Physical preparation has long been taken very seriously in Brazilian football, but after the rise of Northern European football, and especially the Holland side of 1974, it became an obsession.
When he was co-ordinating Brazil's youth sides, former left-back Branco told me that right from the start of the process he was looking for big, strong boys.
Cabanas was top scorer in last year's Libertadores
If we can match the Europeans in physical terms, went the thinking, our technique will tip the balance.
It is a methodology that has brought results. But, like anything, it can be taken too far.
And perhaps because of this Olympian way of thinking - bigger, stronger, faster - a couple of Brazilian clubs have run into an ambush in the current Libertadores campaign.
Three weeks ago Salvador Cabanas was being treated as a laughing stock in the Brazilian press - but nobody is laughing now.
Cabanas is a Paraguayan striker who plays for America of Mexico. He is short and stocky - many would say overweight. He could not possibly offer a threat, it was said.

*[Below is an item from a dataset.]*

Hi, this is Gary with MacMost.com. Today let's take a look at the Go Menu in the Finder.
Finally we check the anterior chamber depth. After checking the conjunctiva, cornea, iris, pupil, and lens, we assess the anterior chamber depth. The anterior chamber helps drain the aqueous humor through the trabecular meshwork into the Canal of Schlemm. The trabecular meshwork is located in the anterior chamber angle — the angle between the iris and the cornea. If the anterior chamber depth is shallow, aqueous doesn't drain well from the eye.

That was before he stunned Flamengo of Rio, scoring twice in an epic 3-0 win in the Maracana stadium, and sending America through to the quarter-finals after they had lost the first leg 4-2 at home.
Last week he scored two more against Santos, putting America in a strong position for Thursday's return game.
Ferenc Puskas was no sylph, and nor was Gerd Muller. It didn't stop them being great players.
Football is a game of twisting and turning, where much of the action takes place on the ground. A low centre of gravity is an advantage.
Cabanas should have come as no surprise. He was top scorer in last year's Libertadores.
He is strong on the ball, has excellent touch, turns wonderfully well, can shoot with either foot and has a well tuned positional sense.
He is a master at pulling away to the edges of the penalty area, ready to cut in on the diagonal - a bit like Romario, the stocky little striker who has consistently warned that Brazilian football is giving priority to physical over technical attributes.
In a column written last year, 1970 star Tostao argued that Romario was the last of the great small Brazilian strikers.
"If he arrived today in the junior divisions of a major club either the coach would place him in midfield or he would be rejected."
Adriano at his best shows that a balance can be found between physical strength and technical ability, but perhaps even as he scores goals against their teams Cabanas is making an equally important contribution to Brazilian football.
He is reminding it of its own essence, and of the essence of the game itself - it is a sport where all shapes and sizes are welcome.